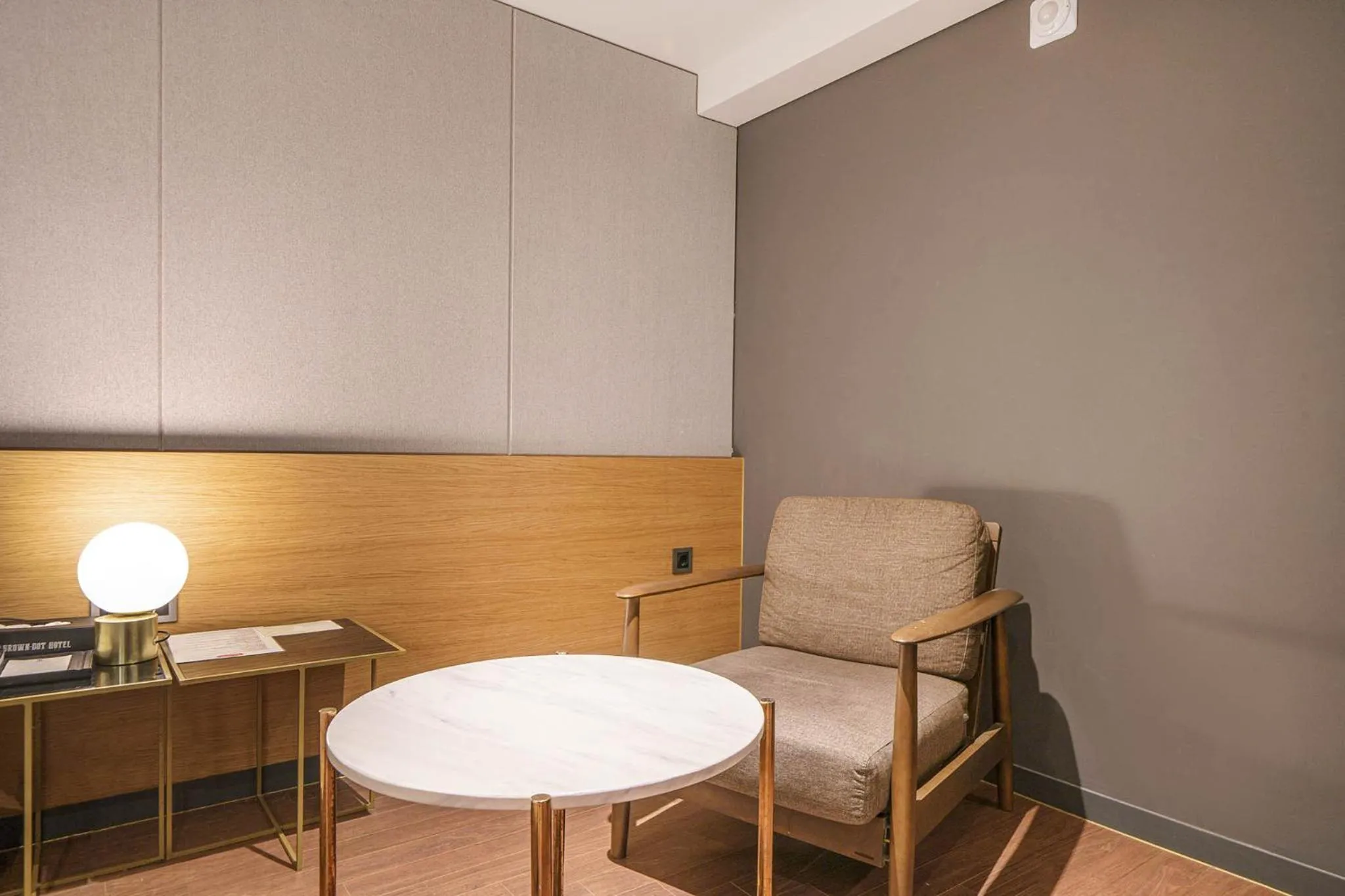 Brown Dot Hotel Hadan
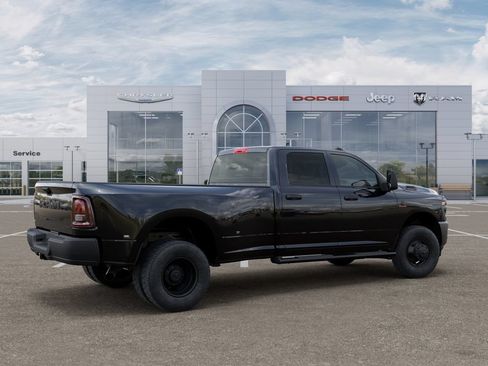 New 2026 RAM 3500 Tradesman AWD/4WD image 4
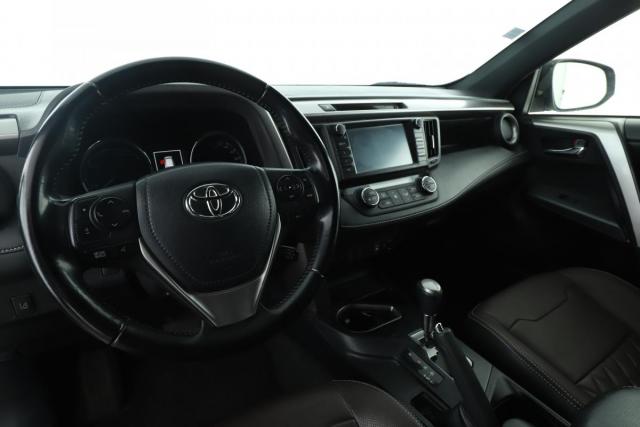 Toyota Rav4 image 2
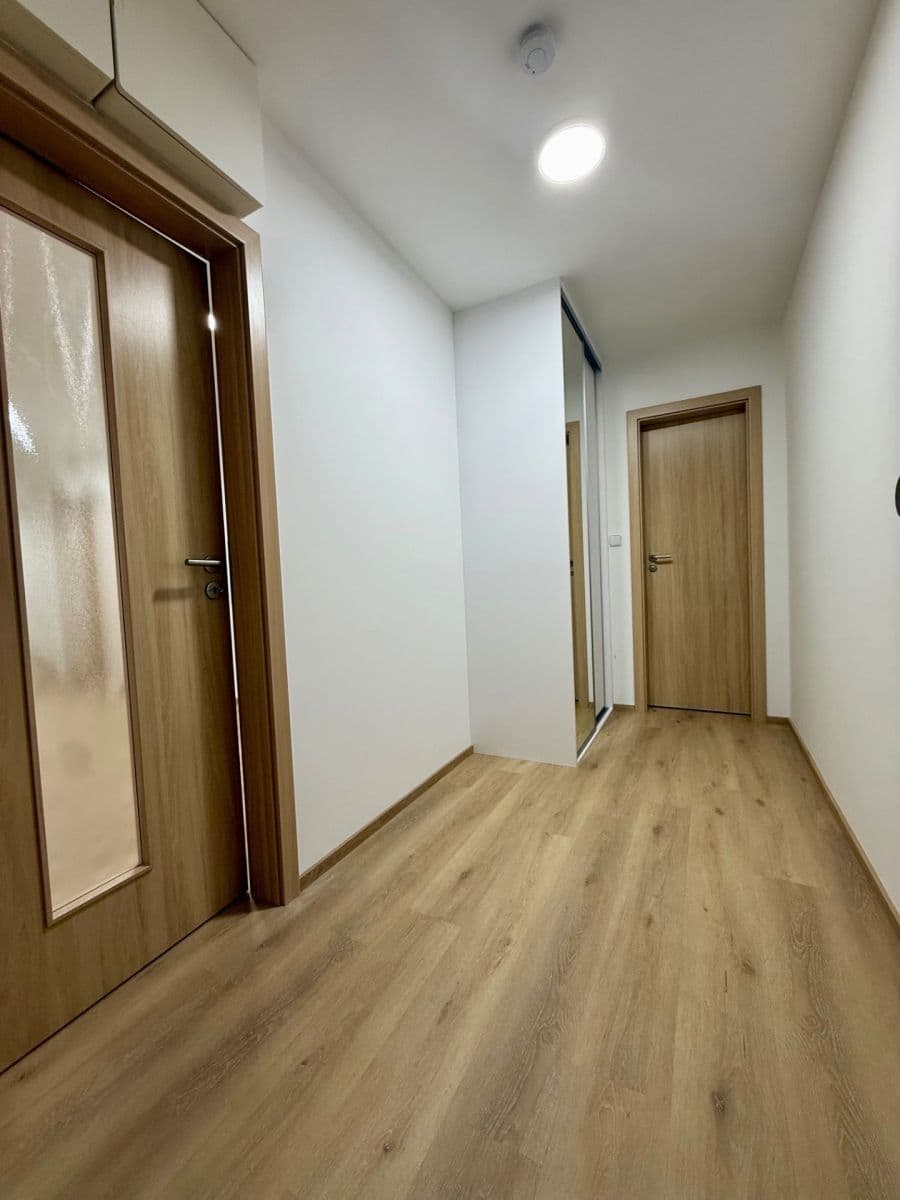 Pronájem bytu 2+kk 63 m², Mochovská, Praha, Praha Pronájem bytu 2+kk 63 m², Mochovská, Praha, Praha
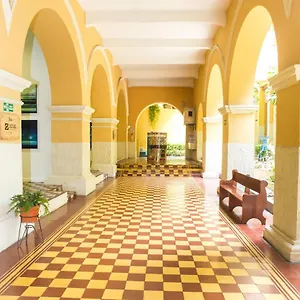 El Claustro House Hotell 2*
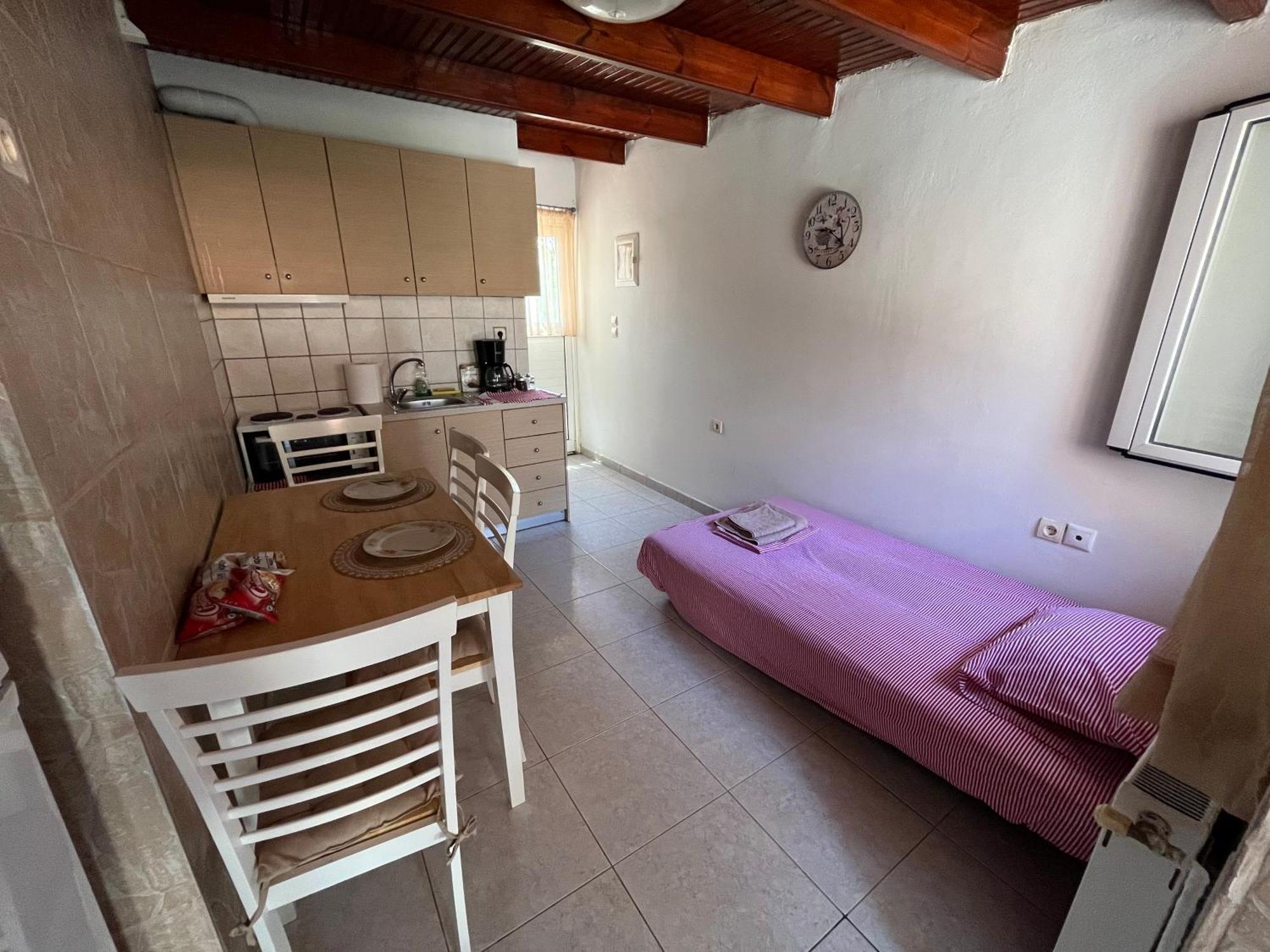Artemis Apartment Near Athens Airport ภายนอก รูปภาพ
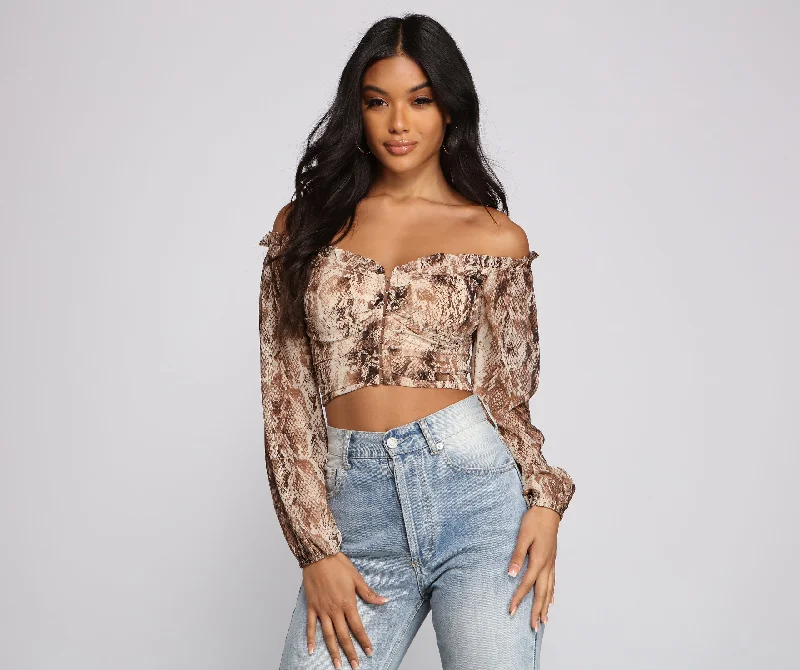 Trendy Stunner Snake Print Crop Top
□ □ □
• **Exercise description**:
Leave the pictures aside and print exactly, and only, the lines from the one with "El Claustro House Hotell 2*" through the end of the data, both included.

• **Expected output**:
 El Claustro House Hotell 2*
Artemis Apartment Near Athens Airport ภายนอก รูปภาพ
 Trendy Stunner Snake Print Crop Top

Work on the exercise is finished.